THOUSANDS of people who invested in a Basildon-based Caribbean luxury resort would have no access to official compensation if the scheme collapsed.

The Financial Services Authority, the UK finance watchdog, has issued an official “alert” concerning Harlequin Property, based in Honywood Road, which has taken an estimated £300million in deposits on the properties.

Many invested using their pensions and others remortgaged homes to pay deposits.

Since last April, the Echo has revealed the firm has sold at least 6,000 holiday rooms across seven resorts but only built about 300 at one of them.

The FSA notice explains that Harlequin is not authorised or regulated by it, so there is no Governmentbacked protection scheme.

The investments are often sold through a network of third party agents, including independent financial advisers, who have to be regulated by the Financial Services Authority. The Financial Services Authority has issued the warning because of this.

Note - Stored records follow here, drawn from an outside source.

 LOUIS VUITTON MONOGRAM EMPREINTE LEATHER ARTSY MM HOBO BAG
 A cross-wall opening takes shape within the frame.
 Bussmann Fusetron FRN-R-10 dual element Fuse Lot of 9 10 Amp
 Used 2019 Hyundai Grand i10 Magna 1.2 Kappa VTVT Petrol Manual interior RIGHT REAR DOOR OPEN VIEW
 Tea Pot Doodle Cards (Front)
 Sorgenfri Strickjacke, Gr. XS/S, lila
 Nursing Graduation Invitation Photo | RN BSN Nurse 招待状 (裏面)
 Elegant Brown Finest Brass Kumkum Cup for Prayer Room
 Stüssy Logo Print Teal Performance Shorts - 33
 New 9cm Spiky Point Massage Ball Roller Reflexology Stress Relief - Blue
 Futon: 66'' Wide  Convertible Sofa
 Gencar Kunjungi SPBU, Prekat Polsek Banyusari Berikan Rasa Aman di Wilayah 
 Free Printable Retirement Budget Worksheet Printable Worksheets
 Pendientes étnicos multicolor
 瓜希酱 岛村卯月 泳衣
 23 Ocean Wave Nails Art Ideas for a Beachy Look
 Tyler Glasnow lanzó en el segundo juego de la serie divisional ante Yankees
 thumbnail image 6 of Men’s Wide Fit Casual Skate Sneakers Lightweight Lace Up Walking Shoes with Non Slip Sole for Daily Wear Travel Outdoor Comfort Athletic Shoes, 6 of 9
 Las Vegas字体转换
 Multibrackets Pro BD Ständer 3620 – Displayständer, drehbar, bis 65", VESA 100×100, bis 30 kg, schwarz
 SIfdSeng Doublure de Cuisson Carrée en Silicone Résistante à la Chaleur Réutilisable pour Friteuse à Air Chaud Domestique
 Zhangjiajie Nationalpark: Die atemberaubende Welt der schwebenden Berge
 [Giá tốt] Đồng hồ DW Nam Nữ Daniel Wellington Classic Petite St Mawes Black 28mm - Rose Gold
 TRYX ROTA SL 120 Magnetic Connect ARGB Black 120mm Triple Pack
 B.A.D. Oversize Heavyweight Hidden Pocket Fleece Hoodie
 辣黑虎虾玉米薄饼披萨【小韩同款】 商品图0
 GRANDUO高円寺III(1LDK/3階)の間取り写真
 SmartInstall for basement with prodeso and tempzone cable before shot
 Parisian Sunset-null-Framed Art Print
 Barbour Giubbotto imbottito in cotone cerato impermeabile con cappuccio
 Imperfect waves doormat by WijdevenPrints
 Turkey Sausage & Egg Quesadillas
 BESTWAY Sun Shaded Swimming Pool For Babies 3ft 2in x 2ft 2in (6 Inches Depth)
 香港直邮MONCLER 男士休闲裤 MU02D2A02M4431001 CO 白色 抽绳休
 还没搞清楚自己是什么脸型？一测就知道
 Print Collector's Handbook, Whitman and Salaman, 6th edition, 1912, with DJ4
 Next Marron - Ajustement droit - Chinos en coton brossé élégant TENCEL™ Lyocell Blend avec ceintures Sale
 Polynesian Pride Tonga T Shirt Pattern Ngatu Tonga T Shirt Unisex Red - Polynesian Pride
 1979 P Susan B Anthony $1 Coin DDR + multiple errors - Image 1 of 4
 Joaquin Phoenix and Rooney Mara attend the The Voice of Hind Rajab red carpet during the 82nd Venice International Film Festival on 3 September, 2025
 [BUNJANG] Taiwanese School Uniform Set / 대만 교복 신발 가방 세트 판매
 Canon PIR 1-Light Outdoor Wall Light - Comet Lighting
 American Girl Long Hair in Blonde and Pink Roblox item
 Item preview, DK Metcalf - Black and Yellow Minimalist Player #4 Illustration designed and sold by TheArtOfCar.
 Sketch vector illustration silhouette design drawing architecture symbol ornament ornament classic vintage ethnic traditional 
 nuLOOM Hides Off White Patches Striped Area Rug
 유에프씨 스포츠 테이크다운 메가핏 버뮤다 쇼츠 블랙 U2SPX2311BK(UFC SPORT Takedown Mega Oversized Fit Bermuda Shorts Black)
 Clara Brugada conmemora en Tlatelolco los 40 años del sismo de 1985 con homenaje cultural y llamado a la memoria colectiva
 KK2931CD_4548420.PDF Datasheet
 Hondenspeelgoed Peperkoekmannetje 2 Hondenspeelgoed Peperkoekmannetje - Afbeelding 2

A spokesman said: “We put alerts out for a variety of things, such as things we have concerns about. The Harlequin alert is being sent out by letter to every independent financial adviser in the country, regardless of whether they sell it or not.”

The notice reminds advisers of their responsibilities to investors.

It states: “The Financial Services Authority expects advisers to have undertaken thorough due diligence on the various developments being sold through Harlequin Property to fully satisfy themselves that it is a suitable investment.”

A spokesman for Carter Ruck, Harlequin’s solicitor, said: “The notice simply provides guidance to regulated advisers as to due diligence they should undertake prior to investing in Harlequin.

“Harlequin fully endorses that guidance, both for regulated Independent Financial Advisers and non-regulated agents who are selling its properties. Harlequin worked with the FSA in drafting the notice. This guidance is also reflected on Harlequin's website. Such guidance reflects best practice and is entirely commonplace for investments of this kind.”